START DATASET
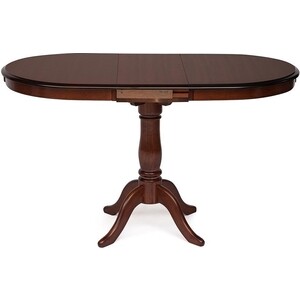 TetChair Стол раскладной Solerno (ME-T4EX) дерево гевея/мдф 70х100+29х75 см MAF Brown мебелик стол раскладной снег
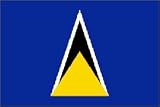 St. Lucia Flag Polyester 3 ft. x 5 ft.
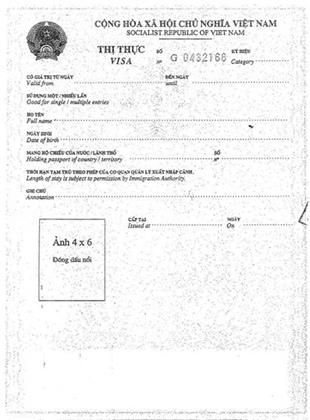 Thông tư 02/2013/TT-BCA của Bộ Công an về việc ban hành, hướng dẫn sử dụng và quản lý các loại mẫu giấy tờ liên quan đến công tác quản lý xuất nhập cảnh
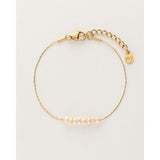 My Jewellery Smykker Armbånd Ferskvandsperler Stribe Guld
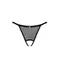 Obsessive Celia Noir crotchless thong - Сексуальні жіночі стрінги, XL/2XL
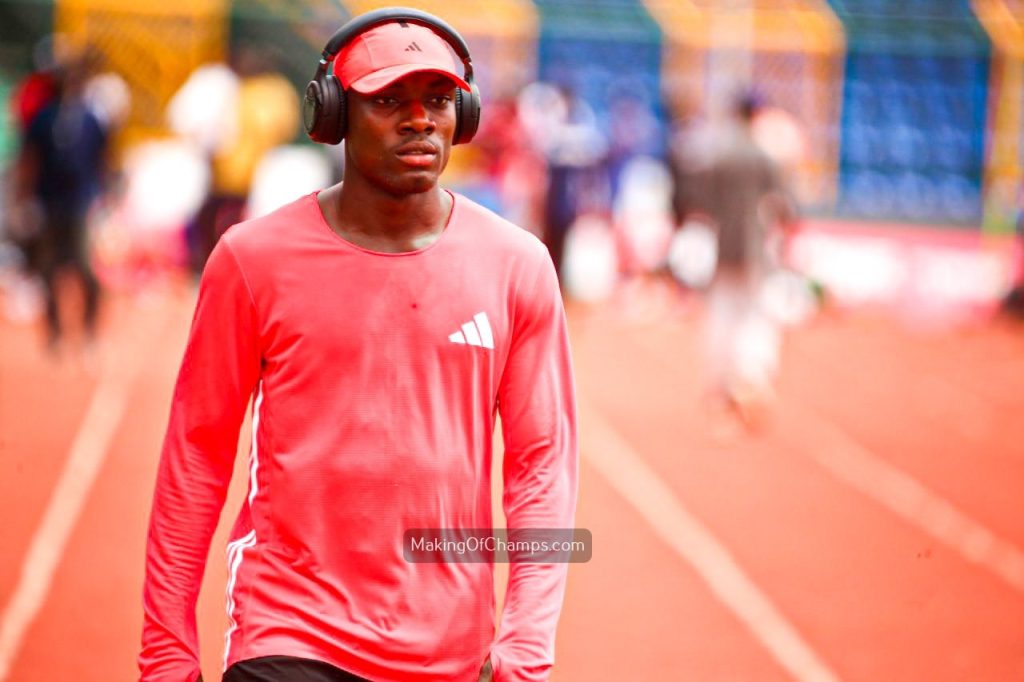 Favour Ashe and Seye Ogunlewe Clock Season’s Bests as Nigerian Sprinters Shine in Europe Favour Ashe getting ready for his race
END DATASET
» INSTRUCTIONS FOR THE TASK: Would you restate all of the data above word for word, omitting the pictures?

» ANSWER AREA:
 TetChair Стол раскладной Solerno (ME-T4EX) дерево гевея/мдф 70х100+29х75 см MAF Brown мебелик стол раскладной снег
 St. Lucia Flag Polyester 3 ft. x 5 ft.
 Thông tư 02/2013/TT-BCA của Bộ Công an về việc ban hành, hướng dẫn sử dụng và quản lý các loại mẫu giấy tờ liên quan đến công tác quản lý xuất nhập cảnh
 My Jewellery Smykker Armbånd Ferskvandsperler Stribe Guld
 Obsessive Celia Noir crotchless thong - Сексуальні жіночі стрінги, XL/2XL
 Favour Ashe and Seye Ogunlewe Clock Season’s Bests as Nigerian Sprinters Shine in Europe Favour Ashe getting ready for his race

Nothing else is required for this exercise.